東京都内の遊園地で90年以上の歴史を持つ「としまえん」(東京都練馬区)が段階的に閉園することになりそうだ。
「としまえん」跡地に東京都の公園や、小説や映画が世界的に人気の「ハリー・ポッター」のテーマパークを造る交渉が進められているとのことで、早ければ今春までに成立する可能性もあるとのこと。
大正15年に「練馬城址 豊島園」として開園した「としまえん」は、22ヘクタールの敷地にアトラクションやプール、スケートリンク等を備えた首都圏有数の大規模遊園地。
昭和30年代には屋内スキー場、昭和40年代には「流れるプール」が、それぞれ世界初の施設として造られ、大盛況だった。
しかし、国内の遊園地は二極化しており、テーマパーク系遊園地は人気を獲得しているものの、旧来の遊園地は相次いで閉園を余儀なくされており、一時代を築いた「としまえん」もその余波を受けた形だ。
元々「としまえん」は前述の通り、練馬城址で中世の城跡だった。
14世紀末頃にこの地に勢力をふるった豊島氏が石神井城(現・石神井公園)の支城として練馬城を築いたと考えられており、江戸城を築いた太田道灌が練馬城を攻撃した歴史もある。

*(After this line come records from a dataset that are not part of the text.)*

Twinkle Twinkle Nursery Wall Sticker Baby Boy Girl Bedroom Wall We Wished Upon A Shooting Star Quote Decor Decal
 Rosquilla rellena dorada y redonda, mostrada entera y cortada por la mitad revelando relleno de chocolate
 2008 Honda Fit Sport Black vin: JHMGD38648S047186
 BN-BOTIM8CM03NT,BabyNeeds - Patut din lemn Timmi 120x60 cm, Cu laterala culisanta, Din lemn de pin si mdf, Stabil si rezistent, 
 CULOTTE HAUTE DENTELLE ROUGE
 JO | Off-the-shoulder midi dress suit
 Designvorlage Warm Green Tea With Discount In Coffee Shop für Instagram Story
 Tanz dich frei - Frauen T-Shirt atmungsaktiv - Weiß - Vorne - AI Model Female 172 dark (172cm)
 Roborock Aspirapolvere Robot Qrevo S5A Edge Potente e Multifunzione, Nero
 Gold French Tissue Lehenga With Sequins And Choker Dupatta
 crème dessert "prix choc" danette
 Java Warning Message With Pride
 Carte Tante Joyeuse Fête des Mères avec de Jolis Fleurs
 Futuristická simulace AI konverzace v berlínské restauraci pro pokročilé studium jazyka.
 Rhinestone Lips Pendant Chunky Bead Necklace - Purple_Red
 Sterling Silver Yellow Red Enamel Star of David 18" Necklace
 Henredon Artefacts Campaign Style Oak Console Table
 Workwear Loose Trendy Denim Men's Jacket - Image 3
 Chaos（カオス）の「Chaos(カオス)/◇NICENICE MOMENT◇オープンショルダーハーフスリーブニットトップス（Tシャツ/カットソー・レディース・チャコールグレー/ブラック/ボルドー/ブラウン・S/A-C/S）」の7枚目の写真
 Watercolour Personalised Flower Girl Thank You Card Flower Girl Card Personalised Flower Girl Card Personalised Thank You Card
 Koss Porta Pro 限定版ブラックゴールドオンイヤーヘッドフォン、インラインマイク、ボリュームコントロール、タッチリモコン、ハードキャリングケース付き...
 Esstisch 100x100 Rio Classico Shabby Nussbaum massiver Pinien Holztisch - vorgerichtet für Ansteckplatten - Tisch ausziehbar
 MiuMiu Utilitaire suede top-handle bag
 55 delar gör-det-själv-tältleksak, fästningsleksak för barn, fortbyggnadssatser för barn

練馬城の遺構は、「練馬城址 豊島園」を開園するにあたって完全に破壊された。
「としまえん」内のウォータースライダー・ハイドロポリス(1989年建設)が建設された場所が練馬城の主郭跡で、現在は見る影もなく、少し高台になっているのが当時の名残りとしてうかがえる程度だ。
こうした歴史ある場所の「としまえん」なのだから、「ハリー・ポッター」のテーマパークよりも、練馬城址公園として整備し、堀や土塁等を復元し、往時の城を再現する方が文化的で、地元住民にも愛着感が芽生えるのではないかと筆者は考える。
としまえんの閉園はさびしい限りだが、それをむしろ好転と捉え、練馬城復活に転じるべきだ。